--- Provided information Enclosed Below ---

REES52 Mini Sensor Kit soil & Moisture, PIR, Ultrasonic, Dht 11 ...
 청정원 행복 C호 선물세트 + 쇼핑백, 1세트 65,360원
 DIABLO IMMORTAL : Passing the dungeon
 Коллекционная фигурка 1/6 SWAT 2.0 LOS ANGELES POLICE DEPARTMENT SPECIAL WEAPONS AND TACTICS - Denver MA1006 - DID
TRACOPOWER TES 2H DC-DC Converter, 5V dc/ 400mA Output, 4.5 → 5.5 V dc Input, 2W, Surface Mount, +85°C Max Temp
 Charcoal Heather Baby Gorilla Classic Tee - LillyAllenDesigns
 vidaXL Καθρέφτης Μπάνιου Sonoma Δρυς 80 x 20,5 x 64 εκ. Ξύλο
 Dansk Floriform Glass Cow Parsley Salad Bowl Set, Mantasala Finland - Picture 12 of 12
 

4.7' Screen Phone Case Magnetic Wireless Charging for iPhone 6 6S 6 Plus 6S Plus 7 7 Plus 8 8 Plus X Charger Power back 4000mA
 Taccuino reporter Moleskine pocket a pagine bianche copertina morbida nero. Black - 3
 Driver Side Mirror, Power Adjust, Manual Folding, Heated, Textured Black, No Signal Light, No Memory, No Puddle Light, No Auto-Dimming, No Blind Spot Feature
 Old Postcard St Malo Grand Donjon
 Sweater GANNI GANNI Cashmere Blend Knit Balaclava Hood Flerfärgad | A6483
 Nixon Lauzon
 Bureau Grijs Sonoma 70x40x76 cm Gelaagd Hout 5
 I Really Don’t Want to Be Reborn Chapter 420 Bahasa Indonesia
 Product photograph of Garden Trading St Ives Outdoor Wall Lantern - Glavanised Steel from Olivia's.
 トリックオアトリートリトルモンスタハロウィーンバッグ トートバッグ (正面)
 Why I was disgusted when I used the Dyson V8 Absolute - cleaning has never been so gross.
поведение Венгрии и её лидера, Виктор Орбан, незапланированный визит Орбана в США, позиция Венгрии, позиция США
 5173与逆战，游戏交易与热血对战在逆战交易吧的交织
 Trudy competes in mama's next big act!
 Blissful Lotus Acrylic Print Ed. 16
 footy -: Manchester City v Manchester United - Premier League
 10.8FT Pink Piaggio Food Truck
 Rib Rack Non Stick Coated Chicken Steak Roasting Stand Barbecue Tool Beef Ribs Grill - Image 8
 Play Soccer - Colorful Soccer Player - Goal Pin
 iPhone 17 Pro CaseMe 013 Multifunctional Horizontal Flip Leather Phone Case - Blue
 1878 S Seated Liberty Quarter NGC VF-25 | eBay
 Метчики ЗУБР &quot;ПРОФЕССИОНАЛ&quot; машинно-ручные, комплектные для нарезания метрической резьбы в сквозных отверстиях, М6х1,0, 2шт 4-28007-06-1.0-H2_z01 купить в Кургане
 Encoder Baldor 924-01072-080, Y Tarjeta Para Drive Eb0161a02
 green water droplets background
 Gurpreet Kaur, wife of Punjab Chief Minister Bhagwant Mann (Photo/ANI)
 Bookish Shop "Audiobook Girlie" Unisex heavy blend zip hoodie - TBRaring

--- End of Enclosed Provided information ---

Task item - Reproduce, word for word and in full, only the lines above that start at the line with "Play Soccer - Colorful" and run through the line with "1878 S Seated", both ends included.

Completed task -
 Play Soccer - Colorful Soccer Player - Goal Pin
 iPhone 17 Pro CaseMe 013 Multifunctional Horizontal Flip Leather Phone Case - Blue
 1878 S Seated Liberty Quarter NGC VF-25 | eBay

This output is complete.